Она прокрутилась вокруг своей оси перед зеркалом.
– Вообще-то, у нас другая цель. Впрочем, если будет время, почему бы и не сходить.
Надо порадовать девушку, подумал я, вспомнив увещевание мудрого Пафнутия. Ей хочется покрасоваться на публике и надо «уважить» это невинное желание. Вот только платье слишком откровенное – пока доедем до города, местные будут во всю лупить глаза и потом судить-перемывать на все лады.
Как-то я процитировал ей строчку из Маяковского, что «лучшая в мире одёжа это бронзовость мускулов и свежесть кожи». Веронике очень понравилось мнение большого поэта и большого ценителя женской красоты, совпадавшее, между прочим, и с моим.
С тех пор она не упускала возможности продемонстрировать миру и мне свои достоинства – прежде всего длинные стройные ноги, абсолютно гладкие и покрытые бронзовым загаром.

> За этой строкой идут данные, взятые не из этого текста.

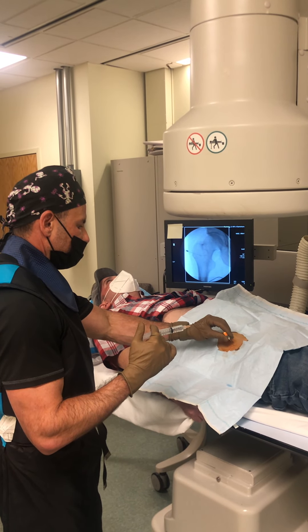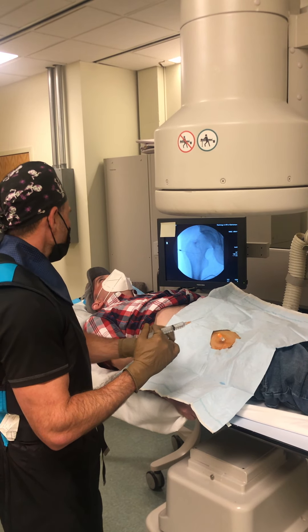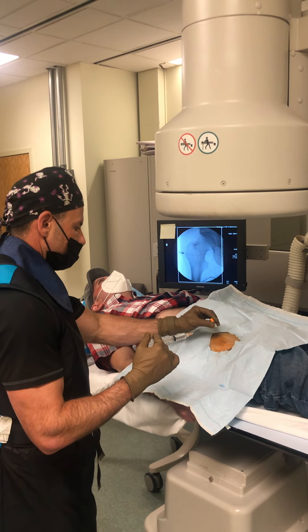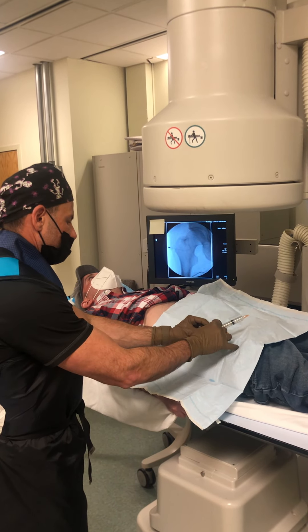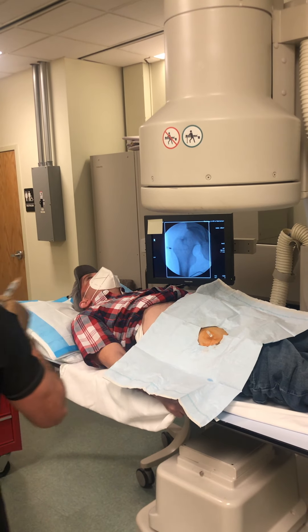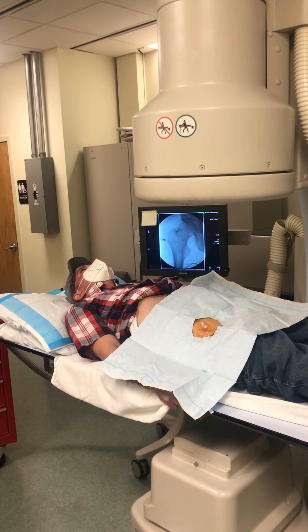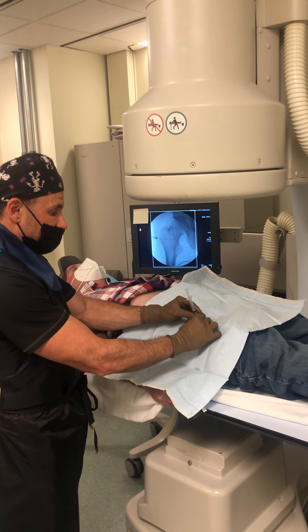We're going to use this thin needle placed right inside the hip capsule. It goes right along the edge of the hip, and the reason for that is so we can outline the actual hip using contrast.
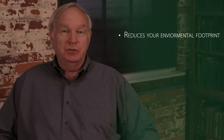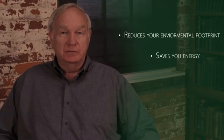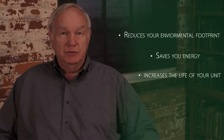Because the CoolCap does not use any energy to function, it saves you energy without using energy, thus decreasing your environmental footprint. The CoolCap reduces your environmental footprint, saves you energy, increases the life of your unit, and saves you money.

Восхищаясь, я не раз сравнивал её с мифической лесной девой или древнегреческой богиней охоты Артемидой. Теперь она воспринимала это как должное, не кривилась в недоверчивом возмущении, напротив, старалась придерживаться заданного стиля.

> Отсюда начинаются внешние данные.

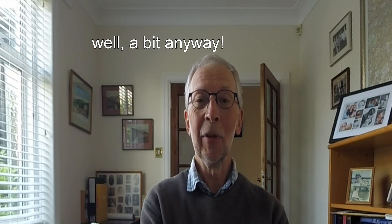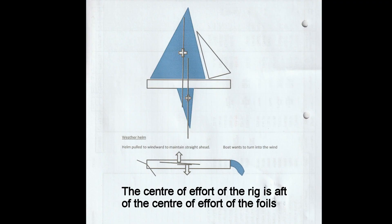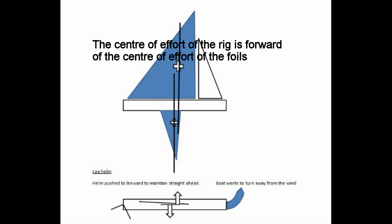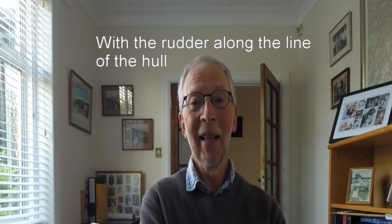You then let go of the rudder — seems a strange thing to do, but you do that and you see what happens to the boat. If the boat rounds up into the wind you have a little bit of something called weather helm. If the boat bears away from the wind then you have something called lee helm. If the boat fortuitously goes in a straight line — which mine doesn't — then you have neutral helm, and that's the ideal setup.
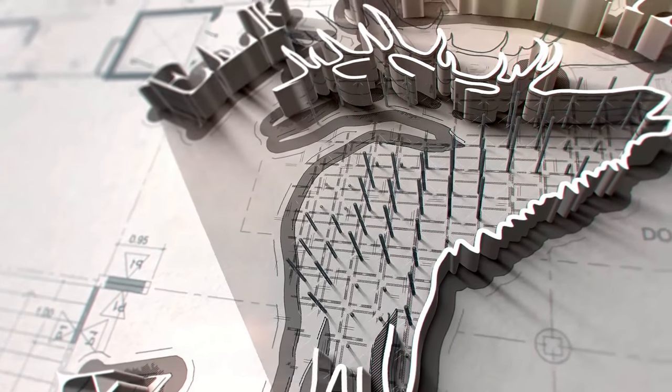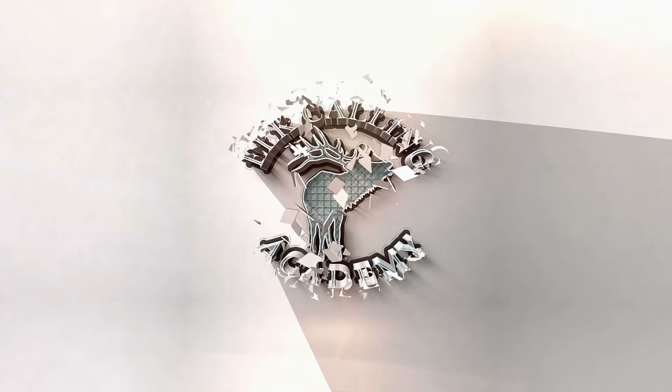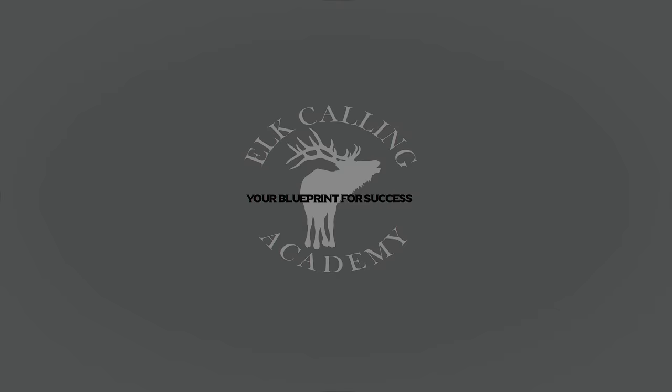So just how do you bugle on a diaphragm reed? We're gonna break it down for you right after this. Hey everybody, Michael Batiste from the Elk Calling Academy where we give you your blueprint for success in the elk woods. On this channel we do elk call reviews, gear reviews, elk calling lessons, tips, and tutorials just like this one. So if you're new to the channel please consider subscribing. By now you guys have had a chance to go through chapter one and chapter two of the beginner's guide to elk calling.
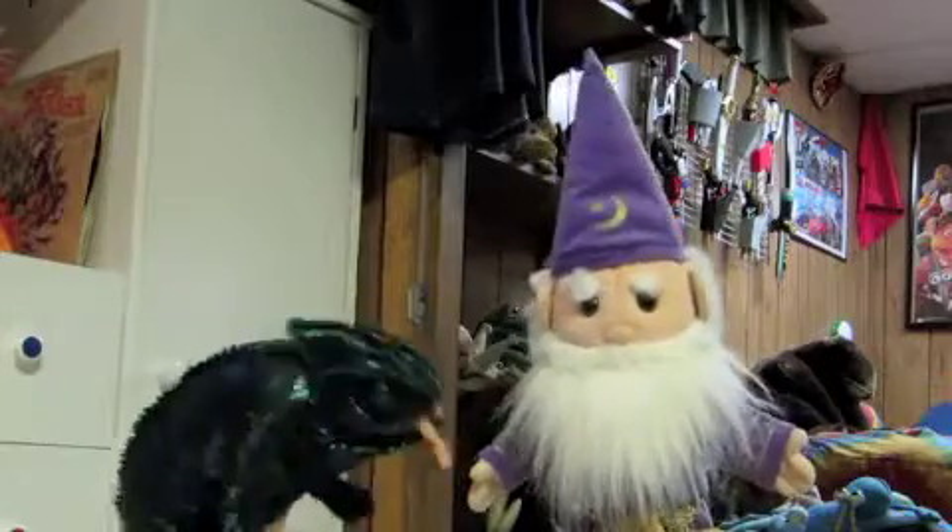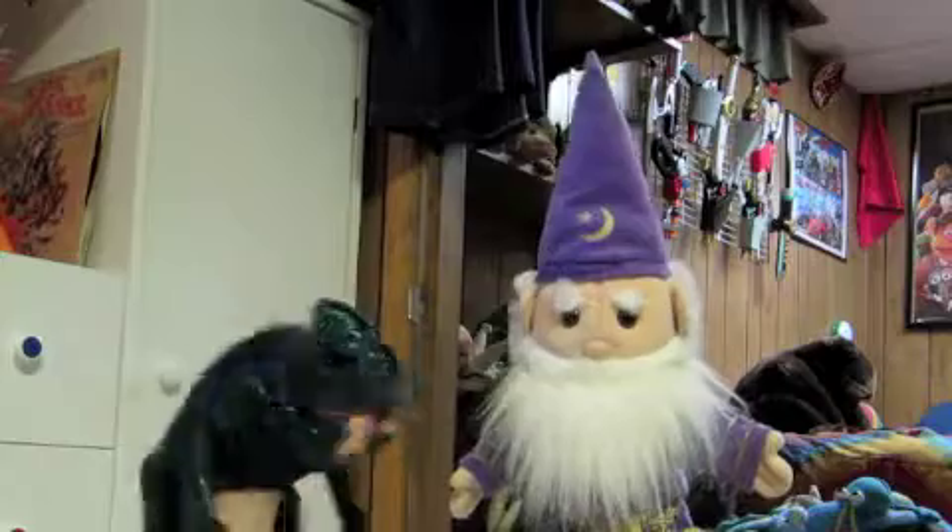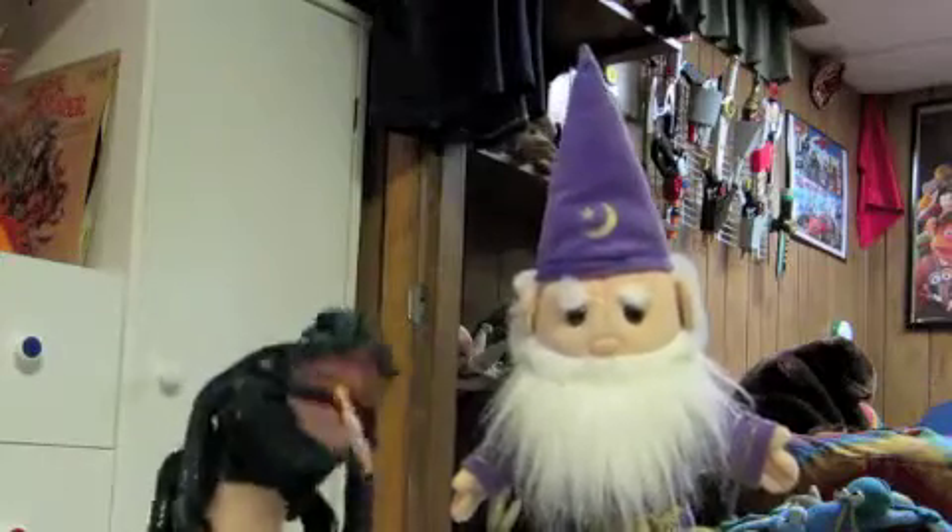Oh, hey everybody. You remember my mentor, Master Winston the Wizard. Hello everyone. Yeah, he's teaching me a brand new spell.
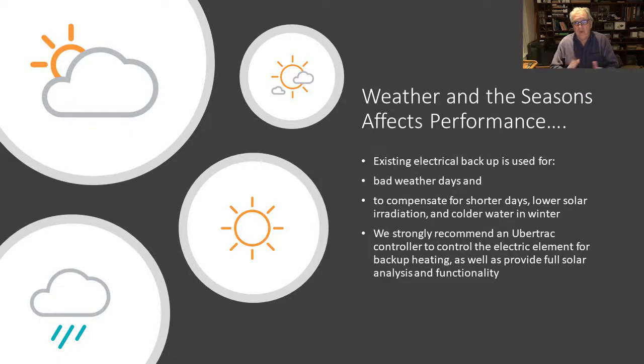The weather and the seasons are, of course, what solar relies on. Existing electrical backup will continue to be used for bad weather days, to compensate for shorter days, lower solar irradiation, and colder water in winter. We also strongly recommend that an Ubertrack controller is used to control the electric element backup times and to provide full solar analysis and functionality.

В автобусе на нас смотрели все. Для деревенских мы были большим событием, способным конкурировать с американским сериалом. Взгляды были вполне доброжелательные, без той вечно похмельной озлобленности, характерной для жителей Бухалова.
Видимо, сказывалась бóльшая близость к земле, к простым каждодневным трудовым заботам, требующим трезвого ума и позитивного отношения к природе и людям.
В этом я ещё раз убедился, когда мы сели в электричку. По косоватым и неприязненным взглядам некоторых людей, заполнивших вагон, я понял, что они принадлежат незнакомым мне обывателям посёлка.
Подтверждением тому стало изменившееся поведение Вероники. Она взяла меня под руку и теснее прижалась.
– Может, перейдём в другой вагон? – тихо спросила девушка несколько дрогнувшим голосом. – Тут весь бухаловский гадюшник собрался!
– Ну, вот ещё! Либо мы зайцы какие, чтобы бегать туда-сюда по вагонам.
Из наблюдавших нас людей, особенно пристальным, немигающим и зловещим взглядом Нагайны, выделялась такая же изысканно красивая, как упомянутая киплинговская кобра, женщина околобальзаковского возраста, сидевшая лицом к нам тремя сидениями впереди.